BEGIN MATERIALS PROVIDED

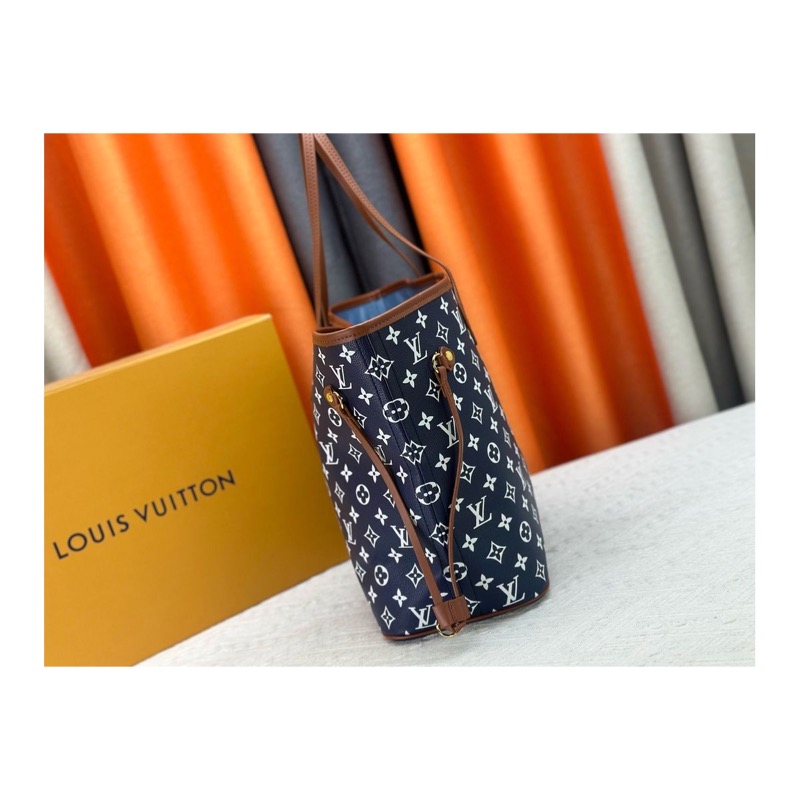 Louis Vuitton Neverfull Monogram Bag
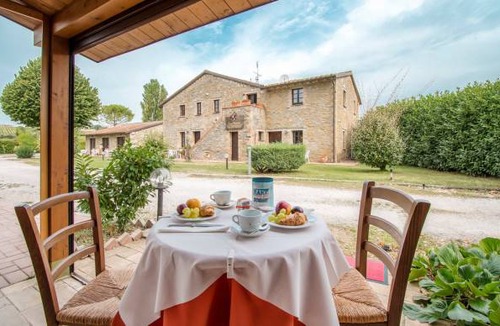 Collesanto Apartment | 1 bedroom accommodation in Magione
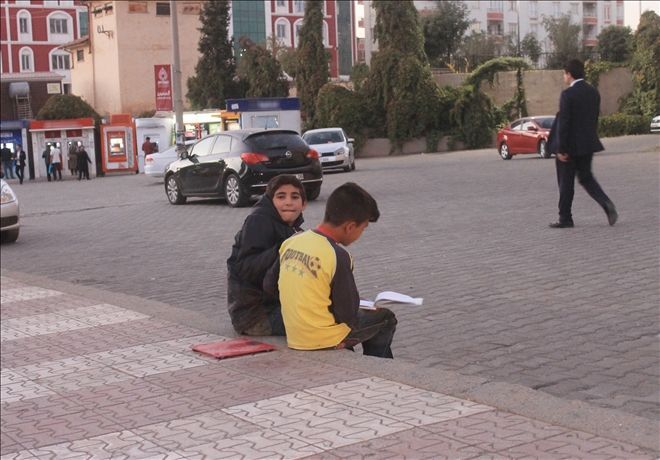 Suriyeli çocukların okuma azmi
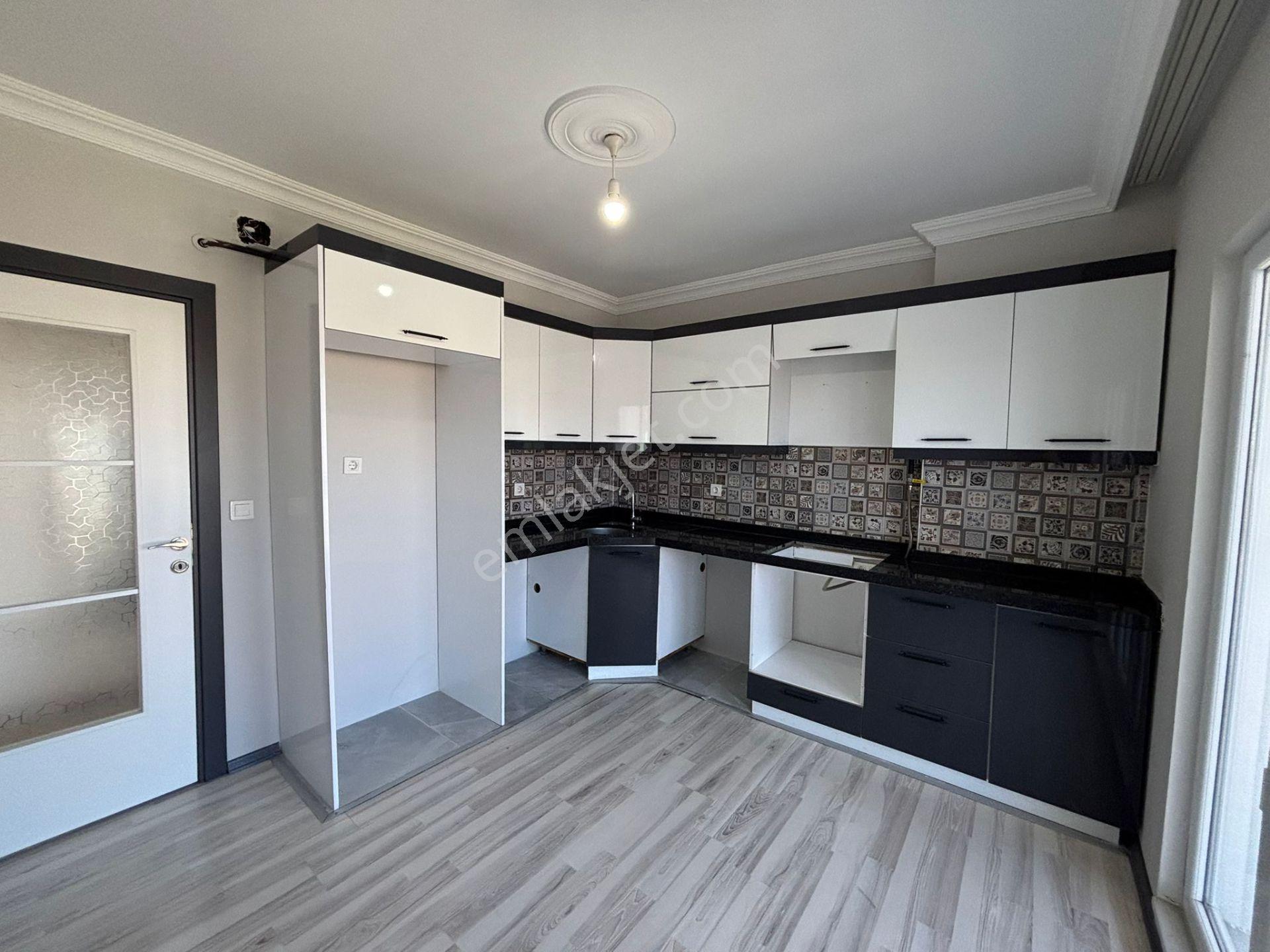 **eryıldız Gayrimenkul'den**çarşı İçinde Kapalı Pazar Ve Okullar Yanı Kiralık 2+1 Daire - Görsel 6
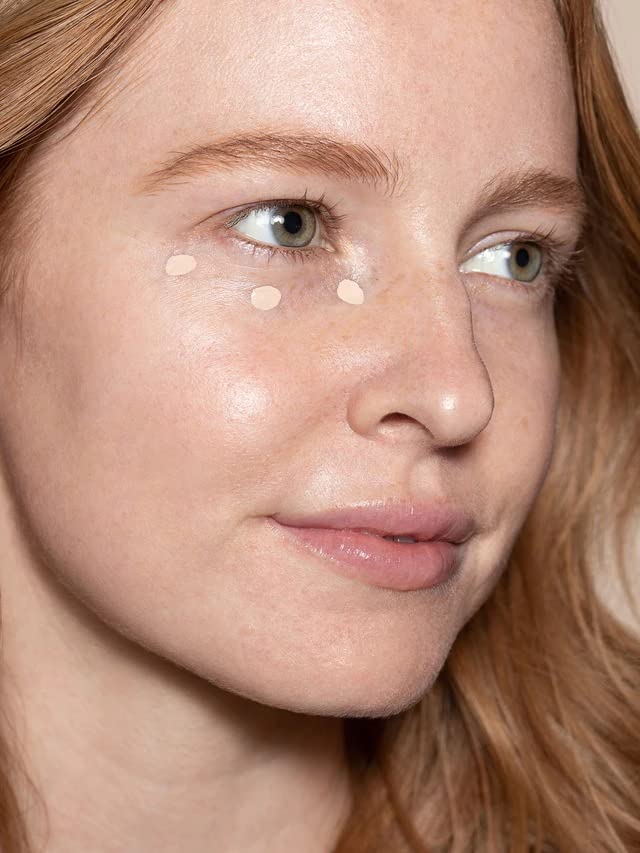 Concealer appliqué près des yeux: correction des cernes avec une texture légère.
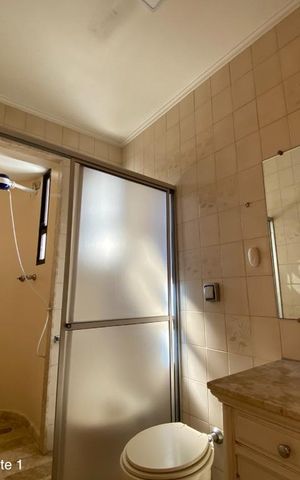 Apartamento para alugar com 340m², 4 quartos e 5 vagas Apartamento para alugar com 340m², 4 quartos e 5 vagasBanheiro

END MATERIALS PROVIDED

YOUR GOAL:
Wording must stay exact. Give again the lines from the line with "Daire - Görsel 6" through the last line of the listing, both ends included, without pictures.

ANSWER TO THIS EXERCISE:
 **eryıldız Gayrimenkul'den**çarşı İçinde Kapalı Pazar Ve Okullar Yanı Kiralık 2+1 Daire - Görsel 6
 Concealer appliqué près des yeux: correction des cernes avec une texture légère.
 Apartamento para alugar com 340m², 4 quartos e 5 vagas Apartamento para alugar com 340m², 4 quartos e 5 vagasBanheiro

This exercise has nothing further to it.